Unlike principal component analysis, partial least squares-discriminant analysis (OPLS-DA) is a supervised statistical method. The difference between classification groups can be reflected to the greatest extent. This method uses partial least squares regression to establish a relationship model between metabolite expression and sample categories to achieve modeling prediction of sample categories. At the same time, the variable importance in projection (VIP) is used to measure the influence intensity and interpretation ability of each metabolite expression pattern on the classification and discrimination of each group of samples, thus assisting in the screening of metabolic markers.

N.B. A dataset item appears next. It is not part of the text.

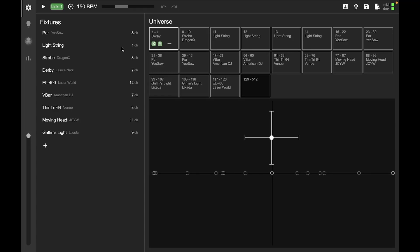All right, welcome to the Captivate UI intro tutorial. In this, we're just going to go over a little bit of the layout of Captivate, how the UI is set up before we dive into all of the features individually.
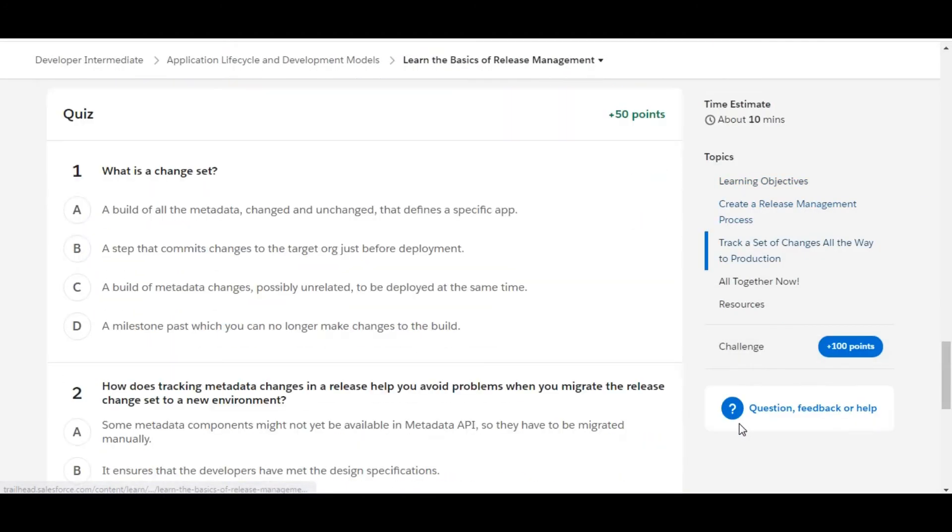Let's move to the challenge. So in this challenge we have some theory questions. Let's solve the first one.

It is generally considered that VIP greater than 1 Indicates that this variable has a significant effect on the classification of sample categories.

The OPLS-DA model between the comparative group (two groups) was established after log2-log conversion of the data, and the method used for scaling is Par. The sevenfold cross validation was performed during modelling.To evaluate the model, the OPLS-DA model was subjected to 200 response permutation tests(RPT).

Combined metabolomics and transcriptomics analysis

Metabolomic co-transcriptional investigations are frequently employed to investigate possible regulatory network mechanisms in organisms, and to gain a comprehensive understanding of the regulatory patterns and mechanisms between individual molecules by examining the expression levels of mRNAs and metabolites.The OMICSHARE platform (https //www.omicshare.com/tools/) was used to submit transcriptomic and metabolomics data for the construction of heatmaps in intergroup correlation analysis. Additionally, the MetaboAnalyst 5.0 platform (https //www.metaboanalyst.ca/ MetaboAnalyst/home.xhtml) was utilized to obtain cross-targets of differential genes and differential metabolites.

Meta-analysis

In order to further explore the variation in gene expression of crossover genes among different populations at the transcriptional level, we acquired the data from the publicly available GEO database (https//www.ncbi.nlm.nih.gov/geo/).Five peripheral blood samples from sepsis patients were downloaded (GSE653516, GSE1262417, GSE2875018, GSE6304219, GSE7422420).The datasets mentioned above were standardized (using log2 logarithmic) into two groups: sepsis group (Sepsis) and SIRS group (NC). A comprehensive Meta-analysis was conducted using R-package, where a MultiMeta20 analysis was performed on individual genes within the same group but from different datasets to confirm the consistency of the expression pattern of the target genes in this research.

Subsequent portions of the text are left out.